Dan shoved his hand against her throat, choking her but Sarah, furious as well as terrified, dug her fingers into his eyes, and Dan rocked back, yelling in pain. Sarah rolled away from him, scrambling to her feet
She scooted to the switch box and flipped every switch she could find. The vast lantern flickered into life. In its weak beam, she saw Dan slowly getting to his feet, his face a mask of pure rage. She tried to make it to the door but he grabbed her ankle and pulled her back to him. Her body fell hard against the iron floor, the back of her head cracking against a fire bucket, the rusted metal slicing into her scalp. She didn’t look at him, tears coursing silently down her face. Dan caught his breath and smiled down at her.
“Time to die now, Sarah. It’s all over.”
He bent to kiss her – and she threw the sand she’d grabbed from the fire bucket into his eyes. It wasn’t much, less than a palm full but it worked. He roared, blinded, and she kicked with all her might, connecting with his groin. He folded in half and she was up, her legs shaking but the will to live sending adrenaline through her body. She grabbed the bucket and smashed it down on his head, then when he groaned and reached for his head, she kicked him again and again in the genitals. Dan grunted in agony and she couldn’t help smiling. She flung the bucket down at him and, darting around Caroline’s body, she dove for the door, yanking it open.

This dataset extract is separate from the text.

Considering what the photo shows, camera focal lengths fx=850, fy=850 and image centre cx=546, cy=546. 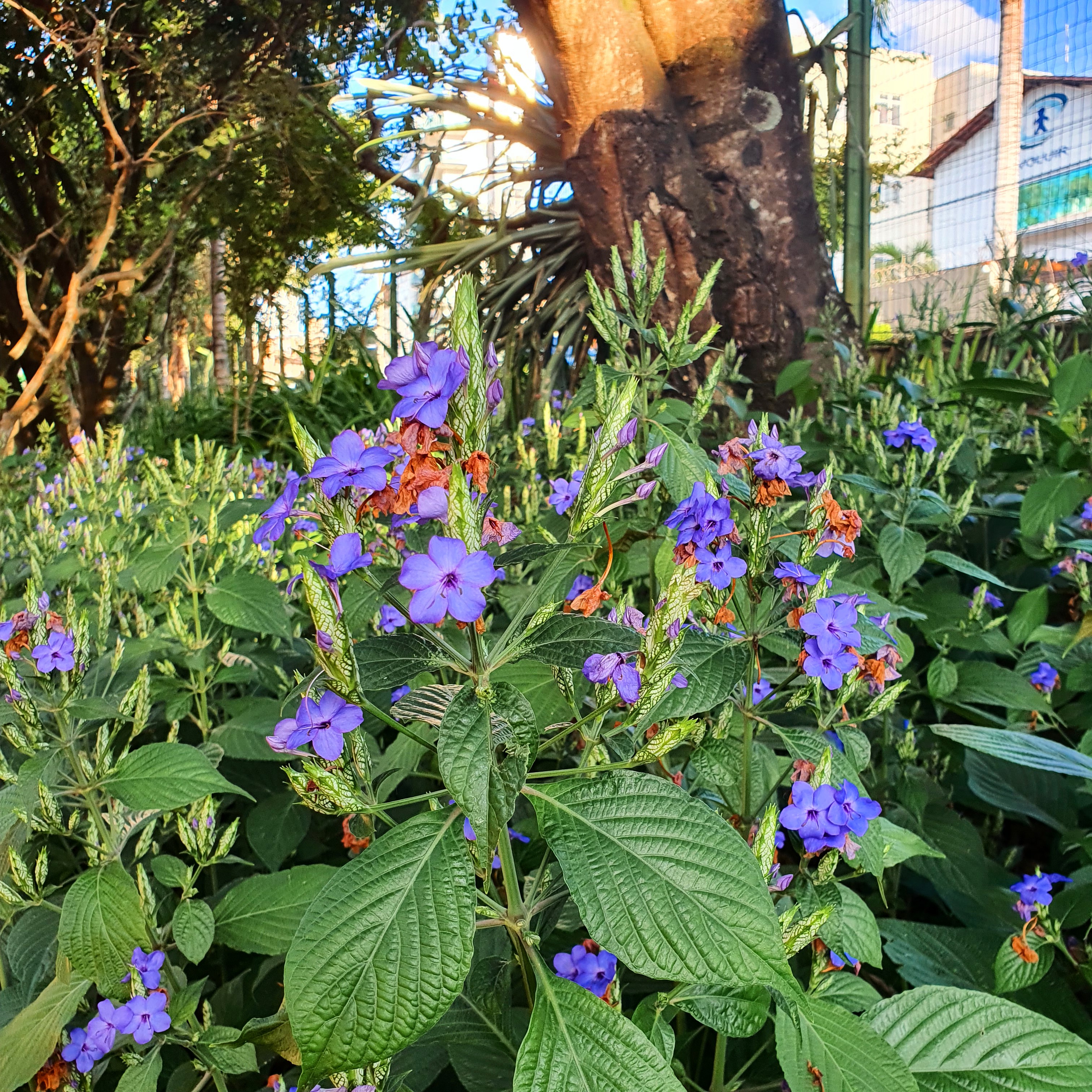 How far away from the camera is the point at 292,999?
555 mm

As she clambered down the outside stairs, it took her a while to register how cold it was, the rain sticking her clothes to her skin. Above her, Dan appeared in the doorway, the lantern casting him in shadow. She pushed every other consideration aside, one thought pounding her brain.
Run.
“The lighthouse!” Molly screeched at the two men, pointed towards the east.